[Task data — start]
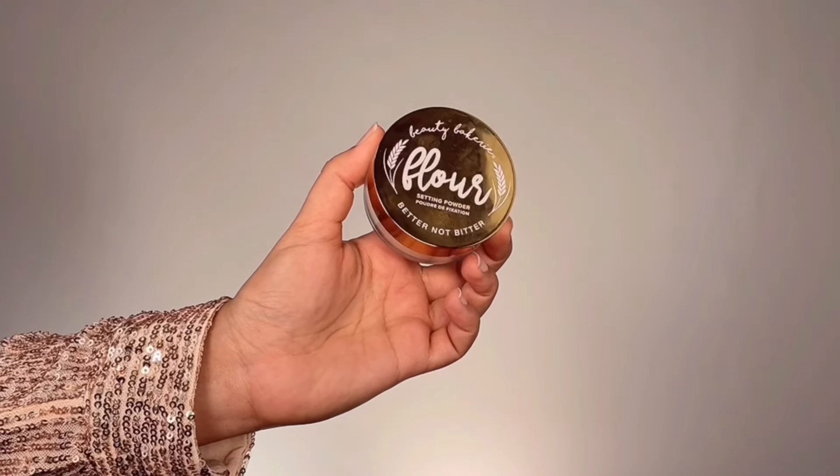I'm grabbing a mixture of NYX Bond to Glow Naturally Radiant Foundation in the shade Light and Cover FX Custom Enhancing Drops in the shade Celestial, then bouncing that all over my face with the Marshmallow Beauty Sponge — covering only where I need it, not all over, since we already did the concealer part and just need a little coverage from foundation. Then I'm taking Beauty Bakery Flower Loose Setting Powder in the shade Oat and setting the concealed and highlighted areas in the center of my face for extra brightness and a shine-free T-zone.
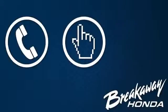Call, click, or stop in today. We're conveniently located at 330 Woodruff Road in Greenville, South Carolina.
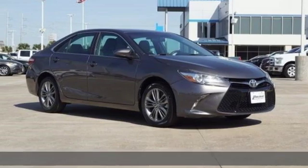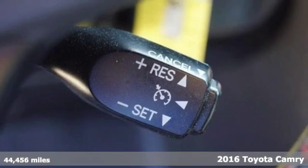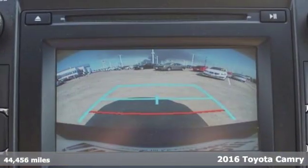Here's a 2016 Toyota Camry. Toyota — steered by ingenuity, driven by passion. It comes nicely equipped with features you'll love.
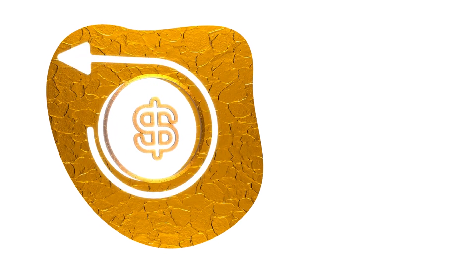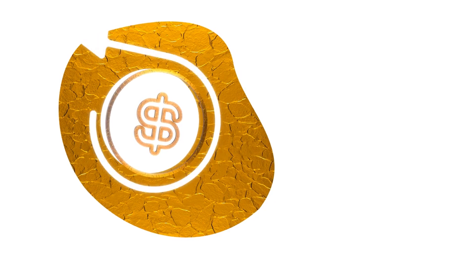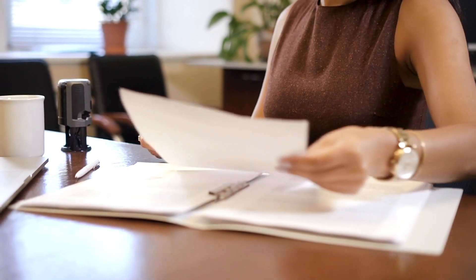Welcome to UKVersity's Short Course Certificate in Working Capital Management, the key to unlocking financial success for both you and your team. In the dynamic world of business, mastering the art of working capital management is crucial. But what exactly does that entail?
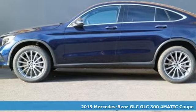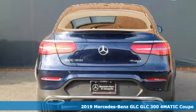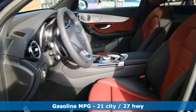Here's a new 2019 Mercedes-Benz GLC. The shape ignites your passion for driving, and the engine delivers on that promise. You'll look forward to every drive with features like these.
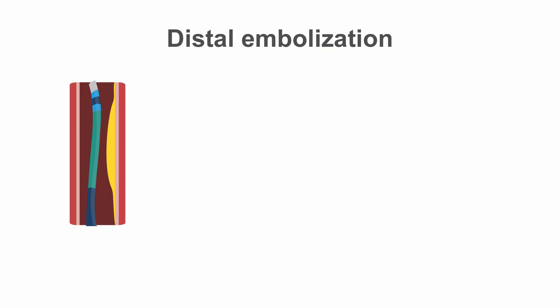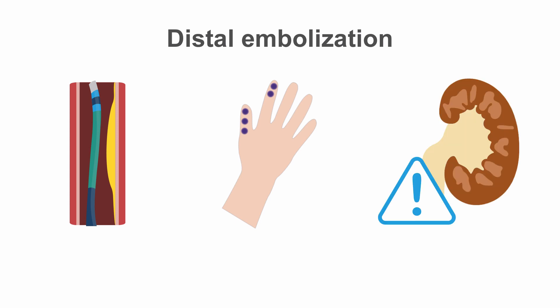Distal embolization may occur as a consequence of instrumentation of the aorta. Introduction of instruments into the aorta may cause cholesterol embolization from existing plaques. Distal embolization can involve the peripheries, and also renal and other end organs, which may present with organ-specific findings such as renal impairment.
[Task data — finish]
Please return, without any change, the lines from the line containing "Call, click, or" through the last line of the entries, dropping the pictures.

Task response:
Call, click, or stop in today. We're conveniently located at 330 Woodruff Road in Greenville, South Carolina.
Here's a 2016 Toyota Camry. Toyota — steered by ingenuity, driven by passion. It comes nicely equipped with features you'll love.
Welcome to UKVersity's Short Course Certificate in Working Capital Management, the key to unlocking financial success for both you and your team. In the dynamic world of business, mastering the art of working capital management is crucial. But what exactly does that entail?
Here's a new 2019 Mercedes-Benz GLC. The shape ignites your passion for driving, and the engine delivers on that promise. You'll look forward to every drive with features like these.
Distal embolization may occur as a consequence of instrumentation of the aorta. Introduction of instruments into the aorta may cause cholesterol embolization from existing plaques. Distal embolization can involve the peripheries, and also renal and other end organs, which may present with organ-specific findings such as renal impairment.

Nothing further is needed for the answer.